▸ **Task to carry out**: Only a number is expected in reply: the number of lines below that include the word "with".

▸ **Data supplied**:
-- Opening Marker --

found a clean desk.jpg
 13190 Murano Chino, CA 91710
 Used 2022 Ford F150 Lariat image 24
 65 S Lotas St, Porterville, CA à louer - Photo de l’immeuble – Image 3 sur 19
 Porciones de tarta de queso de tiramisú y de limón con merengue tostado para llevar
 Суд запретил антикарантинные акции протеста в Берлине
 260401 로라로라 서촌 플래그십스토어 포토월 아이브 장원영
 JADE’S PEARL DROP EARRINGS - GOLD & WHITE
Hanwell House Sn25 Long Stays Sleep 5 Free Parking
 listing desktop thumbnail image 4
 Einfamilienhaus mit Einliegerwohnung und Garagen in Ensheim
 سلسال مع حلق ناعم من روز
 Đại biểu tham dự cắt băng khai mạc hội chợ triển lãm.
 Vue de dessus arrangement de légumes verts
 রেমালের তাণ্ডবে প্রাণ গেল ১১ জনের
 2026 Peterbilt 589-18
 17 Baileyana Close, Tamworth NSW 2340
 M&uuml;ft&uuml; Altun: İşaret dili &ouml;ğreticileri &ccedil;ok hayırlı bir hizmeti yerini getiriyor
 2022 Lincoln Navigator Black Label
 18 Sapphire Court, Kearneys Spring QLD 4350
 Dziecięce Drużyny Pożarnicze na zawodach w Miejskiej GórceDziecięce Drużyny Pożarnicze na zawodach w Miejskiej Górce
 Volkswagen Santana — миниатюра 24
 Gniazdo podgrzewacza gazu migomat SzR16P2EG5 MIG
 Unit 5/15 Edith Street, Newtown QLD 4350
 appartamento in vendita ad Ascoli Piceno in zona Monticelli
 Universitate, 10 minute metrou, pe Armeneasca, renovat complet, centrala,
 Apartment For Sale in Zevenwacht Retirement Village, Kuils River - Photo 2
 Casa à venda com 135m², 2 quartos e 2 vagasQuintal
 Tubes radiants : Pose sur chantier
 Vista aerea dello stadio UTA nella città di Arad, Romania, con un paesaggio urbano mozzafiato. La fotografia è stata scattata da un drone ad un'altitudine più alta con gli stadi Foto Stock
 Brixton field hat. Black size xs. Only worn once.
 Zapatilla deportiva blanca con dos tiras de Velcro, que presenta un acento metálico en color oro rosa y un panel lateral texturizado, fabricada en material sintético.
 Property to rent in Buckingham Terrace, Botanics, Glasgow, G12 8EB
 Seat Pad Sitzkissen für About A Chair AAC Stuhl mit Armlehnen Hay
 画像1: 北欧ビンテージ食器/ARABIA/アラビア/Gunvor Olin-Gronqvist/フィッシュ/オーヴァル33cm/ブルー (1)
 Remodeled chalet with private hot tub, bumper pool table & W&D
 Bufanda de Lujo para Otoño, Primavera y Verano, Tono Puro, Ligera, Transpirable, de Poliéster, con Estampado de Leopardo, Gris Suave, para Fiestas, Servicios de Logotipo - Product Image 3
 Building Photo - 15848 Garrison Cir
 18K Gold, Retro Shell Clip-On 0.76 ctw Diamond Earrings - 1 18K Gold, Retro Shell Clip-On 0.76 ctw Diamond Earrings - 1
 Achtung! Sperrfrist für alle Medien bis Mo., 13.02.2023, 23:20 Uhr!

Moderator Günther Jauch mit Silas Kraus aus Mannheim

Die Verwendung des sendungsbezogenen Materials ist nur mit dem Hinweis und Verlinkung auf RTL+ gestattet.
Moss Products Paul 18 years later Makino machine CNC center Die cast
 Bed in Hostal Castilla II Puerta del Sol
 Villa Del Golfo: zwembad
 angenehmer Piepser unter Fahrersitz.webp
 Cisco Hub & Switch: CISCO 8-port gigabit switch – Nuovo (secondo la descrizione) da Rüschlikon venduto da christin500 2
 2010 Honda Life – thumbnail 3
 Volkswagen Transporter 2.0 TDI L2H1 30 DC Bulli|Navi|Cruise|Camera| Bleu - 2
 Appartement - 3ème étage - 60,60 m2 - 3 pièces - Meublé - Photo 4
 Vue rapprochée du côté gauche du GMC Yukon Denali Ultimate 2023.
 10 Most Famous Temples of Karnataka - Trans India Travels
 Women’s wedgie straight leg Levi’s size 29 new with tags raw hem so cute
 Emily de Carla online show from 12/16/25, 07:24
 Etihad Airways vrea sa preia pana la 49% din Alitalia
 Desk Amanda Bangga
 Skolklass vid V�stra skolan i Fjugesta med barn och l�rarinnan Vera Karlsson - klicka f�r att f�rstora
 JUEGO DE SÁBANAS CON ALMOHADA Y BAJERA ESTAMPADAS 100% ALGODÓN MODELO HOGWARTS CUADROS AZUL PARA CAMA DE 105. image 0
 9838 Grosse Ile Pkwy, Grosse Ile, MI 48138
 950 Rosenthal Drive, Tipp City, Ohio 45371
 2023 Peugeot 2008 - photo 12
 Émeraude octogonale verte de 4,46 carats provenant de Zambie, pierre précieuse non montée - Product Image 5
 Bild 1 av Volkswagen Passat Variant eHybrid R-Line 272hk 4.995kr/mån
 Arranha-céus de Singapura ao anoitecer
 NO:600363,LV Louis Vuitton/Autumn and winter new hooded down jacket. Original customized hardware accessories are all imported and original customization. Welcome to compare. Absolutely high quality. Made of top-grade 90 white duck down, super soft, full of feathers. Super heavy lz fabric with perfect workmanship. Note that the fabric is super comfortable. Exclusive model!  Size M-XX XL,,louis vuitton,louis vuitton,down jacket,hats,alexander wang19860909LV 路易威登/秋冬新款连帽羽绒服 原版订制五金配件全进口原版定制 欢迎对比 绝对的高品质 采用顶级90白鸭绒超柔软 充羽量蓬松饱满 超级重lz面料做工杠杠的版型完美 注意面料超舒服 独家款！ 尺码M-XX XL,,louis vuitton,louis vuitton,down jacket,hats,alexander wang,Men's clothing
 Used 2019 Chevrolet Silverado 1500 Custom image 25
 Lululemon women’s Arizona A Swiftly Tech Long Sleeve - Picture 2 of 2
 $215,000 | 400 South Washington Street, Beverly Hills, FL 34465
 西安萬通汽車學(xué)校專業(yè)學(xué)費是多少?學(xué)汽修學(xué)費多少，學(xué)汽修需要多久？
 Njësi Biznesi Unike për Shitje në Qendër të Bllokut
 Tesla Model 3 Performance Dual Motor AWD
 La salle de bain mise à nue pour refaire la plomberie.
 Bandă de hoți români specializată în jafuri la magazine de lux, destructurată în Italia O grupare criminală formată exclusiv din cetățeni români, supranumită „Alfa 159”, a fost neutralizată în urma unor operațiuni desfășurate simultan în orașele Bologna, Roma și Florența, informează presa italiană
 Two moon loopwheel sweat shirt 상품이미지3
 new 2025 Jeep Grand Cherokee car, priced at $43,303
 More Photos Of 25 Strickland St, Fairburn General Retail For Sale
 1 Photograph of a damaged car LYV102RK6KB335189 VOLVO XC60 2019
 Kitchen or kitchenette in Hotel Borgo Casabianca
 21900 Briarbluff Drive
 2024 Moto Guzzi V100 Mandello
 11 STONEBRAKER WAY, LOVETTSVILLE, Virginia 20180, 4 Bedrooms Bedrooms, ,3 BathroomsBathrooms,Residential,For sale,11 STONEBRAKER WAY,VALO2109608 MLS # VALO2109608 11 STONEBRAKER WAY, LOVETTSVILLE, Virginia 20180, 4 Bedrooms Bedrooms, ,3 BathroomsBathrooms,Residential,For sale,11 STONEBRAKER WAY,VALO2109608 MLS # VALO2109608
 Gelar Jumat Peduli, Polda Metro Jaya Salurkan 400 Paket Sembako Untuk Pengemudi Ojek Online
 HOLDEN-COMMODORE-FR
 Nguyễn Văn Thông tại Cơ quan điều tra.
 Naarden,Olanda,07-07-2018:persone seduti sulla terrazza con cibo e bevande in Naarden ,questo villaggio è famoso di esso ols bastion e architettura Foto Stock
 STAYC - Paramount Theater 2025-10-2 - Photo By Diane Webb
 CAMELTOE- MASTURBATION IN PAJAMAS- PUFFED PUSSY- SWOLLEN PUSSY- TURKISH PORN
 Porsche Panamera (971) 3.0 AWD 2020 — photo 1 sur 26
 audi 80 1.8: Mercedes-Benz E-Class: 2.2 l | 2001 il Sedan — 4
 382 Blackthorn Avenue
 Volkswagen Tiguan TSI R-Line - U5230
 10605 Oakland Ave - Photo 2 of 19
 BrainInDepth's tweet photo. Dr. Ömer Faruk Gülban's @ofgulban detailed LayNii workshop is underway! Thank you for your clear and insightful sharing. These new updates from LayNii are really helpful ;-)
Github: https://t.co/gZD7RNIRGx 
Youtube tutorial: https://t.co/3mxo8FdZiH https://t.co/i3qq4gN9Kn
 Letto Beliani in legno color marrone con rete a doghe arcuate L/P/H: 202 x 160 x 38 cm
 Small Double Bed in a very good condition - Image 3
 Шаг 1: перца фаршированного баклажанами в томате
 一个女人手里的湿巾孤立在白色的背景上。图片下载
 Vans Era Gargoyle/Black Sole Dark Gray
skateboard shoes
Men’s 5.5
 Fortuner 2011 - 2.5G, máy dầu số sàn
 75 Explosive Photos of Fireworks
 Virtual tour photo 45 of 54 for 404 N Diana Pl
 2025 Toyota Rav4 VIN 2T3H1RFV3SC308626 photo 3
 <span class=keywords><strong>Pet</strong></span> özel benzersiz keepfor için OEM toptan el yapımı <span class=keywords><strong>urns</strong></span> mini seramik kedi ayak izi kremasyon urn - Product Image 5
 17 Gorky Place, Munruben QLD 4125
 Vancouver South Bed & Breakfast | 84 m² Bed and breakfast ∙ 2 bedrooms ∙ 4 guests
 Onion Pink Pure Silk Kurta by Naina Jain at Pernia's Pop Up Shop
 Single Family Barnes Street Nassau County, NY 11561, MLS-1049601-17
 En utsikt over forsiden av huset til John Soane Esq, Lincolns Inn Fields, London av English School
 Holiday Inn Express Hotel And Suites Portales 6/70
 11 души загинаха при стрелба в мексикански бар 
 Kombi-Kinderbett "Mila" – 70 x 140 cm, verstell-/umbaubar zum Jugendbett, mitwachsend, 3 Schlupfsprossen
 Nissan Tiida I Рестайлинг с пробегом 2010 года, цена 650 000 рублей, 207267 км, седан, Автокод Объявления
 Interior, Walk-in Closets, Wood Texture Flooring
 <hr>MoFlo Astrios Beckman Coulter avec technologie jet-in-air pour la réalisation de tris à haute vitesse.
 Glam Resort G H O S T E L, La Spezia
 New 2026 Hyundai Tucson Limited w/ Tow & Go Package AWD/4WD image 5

-- Closing Marker --

▸ **Solution for this problem**: 3